Please write out exactly, without any picture, each line from the first in the listing through the line that includes "Never worn Free".

Source material below:

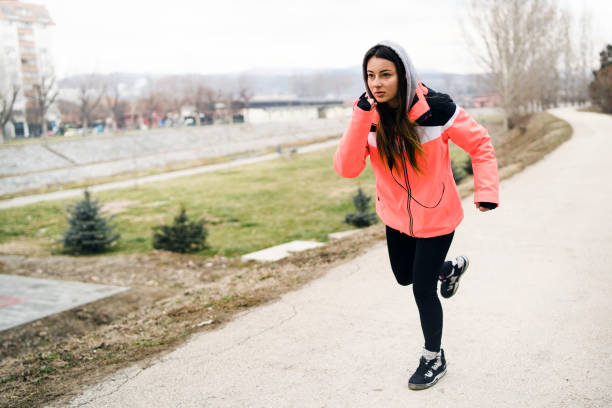 istock Young woman Running in winter day 1125982239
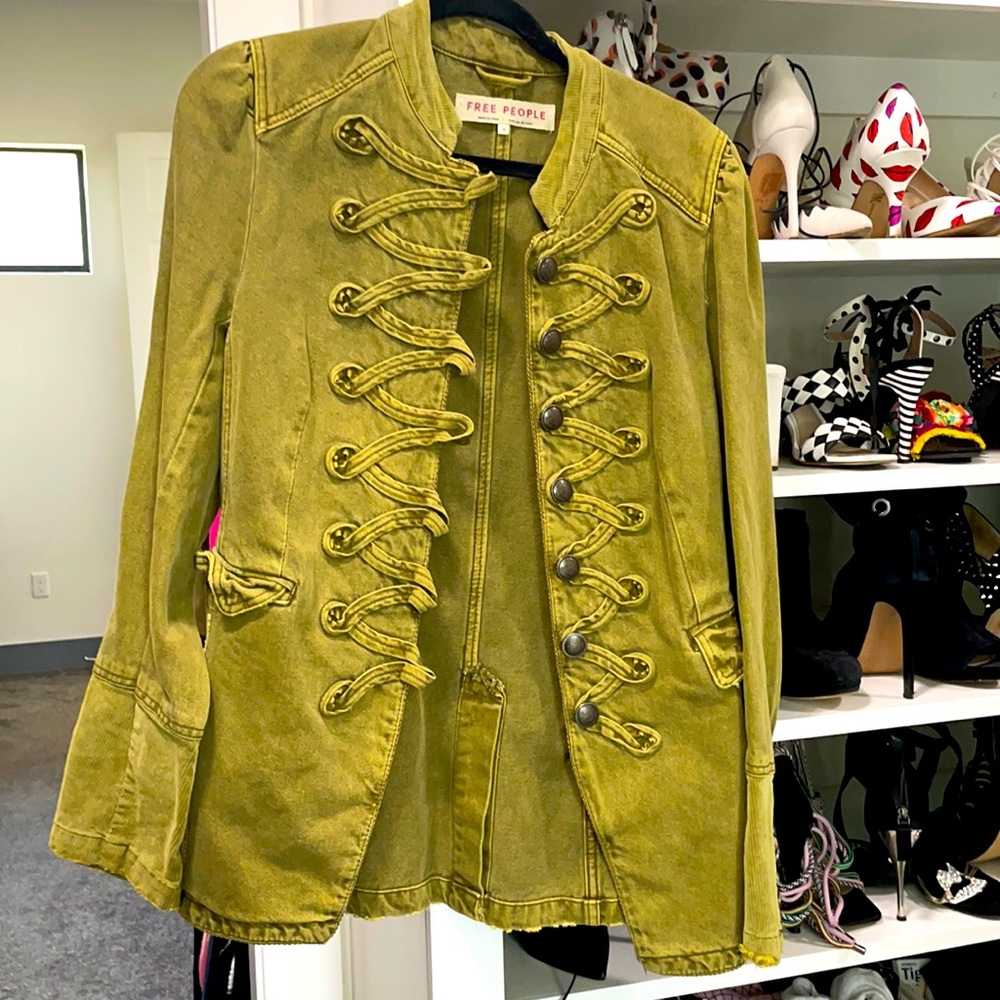 Never worn Free People jacket with unique button detail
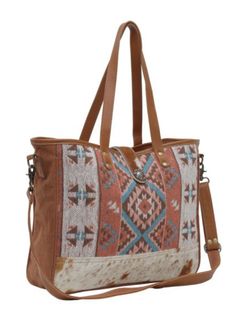 Crafted for the modern adventurer, this exquisite tote bag combines the timeless appeal of a beautiful Southwest printed canvas with the durability and sophistication of leather and hide accents. Featuring double shoulder straps for easy carrying and an adjustable crossbody strap for hands-free convenience, this tote offers versatility and comfort in any situation. The full zip and magnetic flap closure ensure your belongings are secure yet easily accessible, providing peace of mind whether you' Canvas Satchel Shoulder Bag With Adjustable Strap, Canvas Shoulder Bag With Adjustable Strap, Weekend Shoulder Satchel Bag With Removable Pouch, Weekend Trip Satchel Shoulder Bag With Removable Pouch, Casual Satchel With Adjustable Strap For Weekend Trips, Canvas Hobo Bag With Adjustable Strap, Canvas Satchel Shoulder Bag For Travel, Large Canvas Shoulder Bag For Travel, Weekender Shoulder Bag With Adjustable Handle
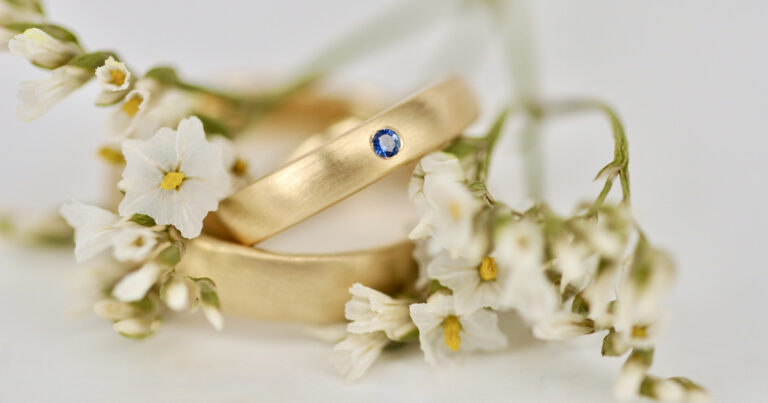 Individuelle Trauringe aus Gelbgold mit blauem Edelstein – gefertigt von der Goldschmiede Stephanie Berger in München.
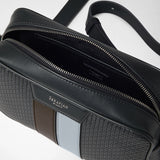 Detail view: CAMERA CROSSBODY BAG IN STEPAN is open, showing the dark interior compartment, zippers, and patterned canvas with leather details in gray and ice blue. Visible lettering: “SERAPIAN MILANO” and “SERAPIAN MADE IN ITALY”.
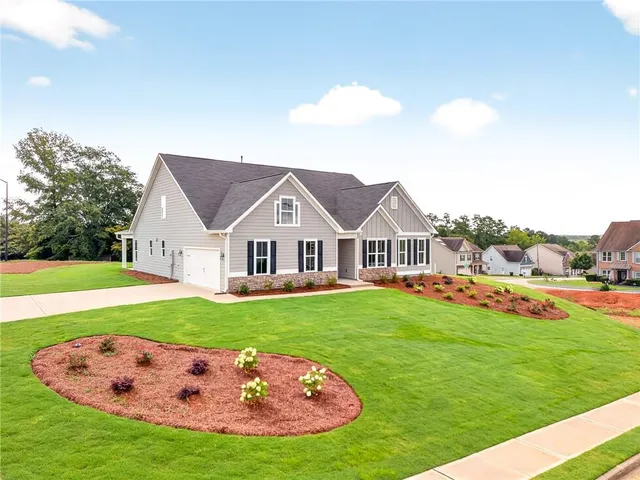 a view of a house with a big yard potted plants and large trees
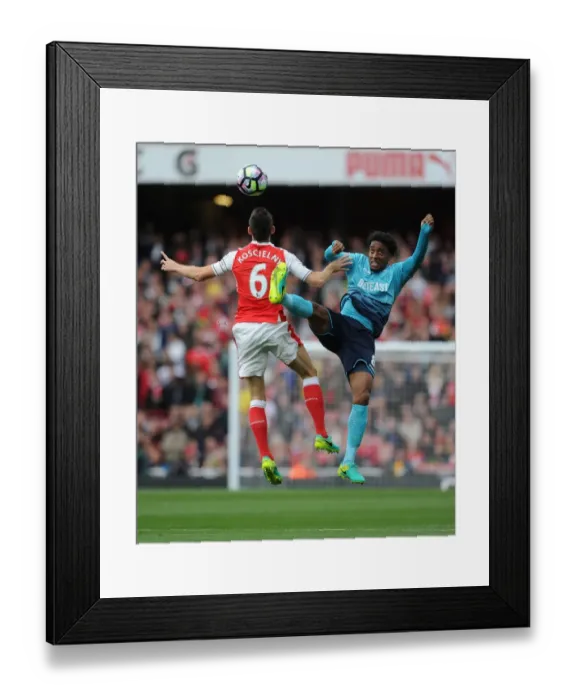 Framed Print : Arsenal's Koscielny Clashes with Swansea's Fer: A Premier League Showdown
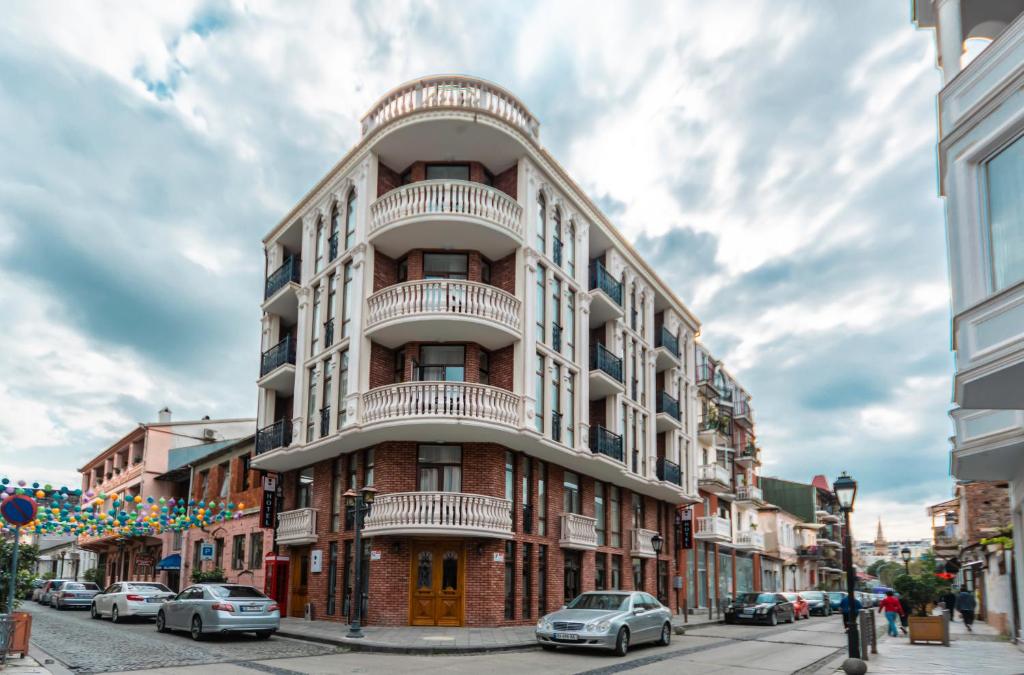 a tall brick building with balconies on a city street at Hotel London in Batumi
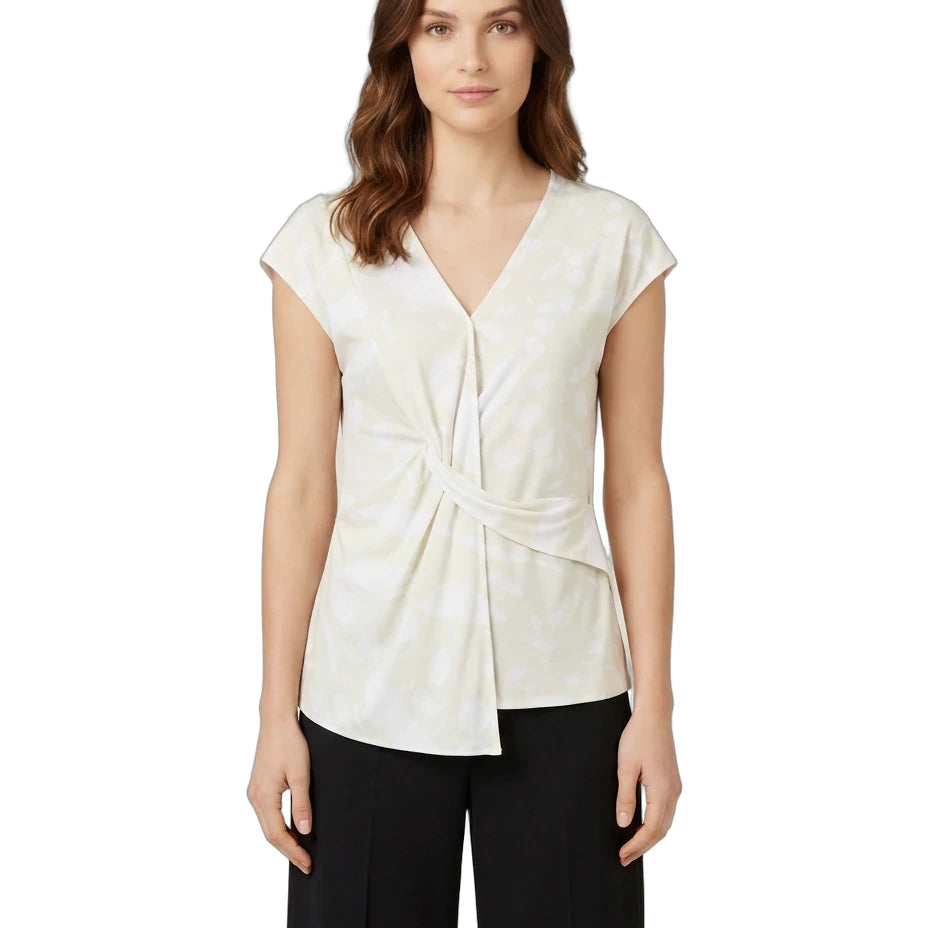 A woman modeling a cream-colored wrap-style blouse with cap sleeves and a twisted front detail, paired with black pants, against a plain white background.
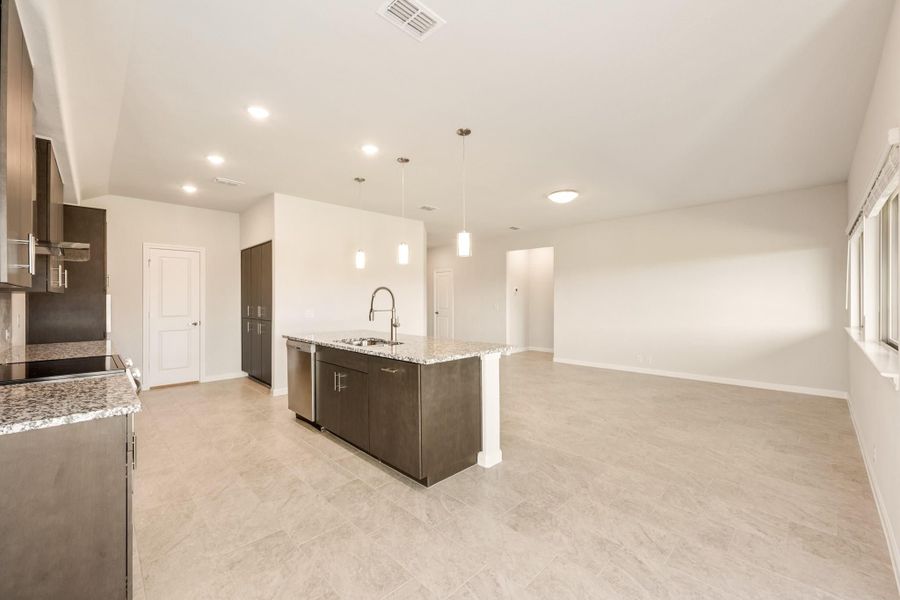 Open kitchen with dark cabinets, granite island with sink, and pendant lights opening to living area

End of Source material.

[Result]
 istock Young woman Running in winter day 1125982239
 Never worn Free People jacket with unique button detail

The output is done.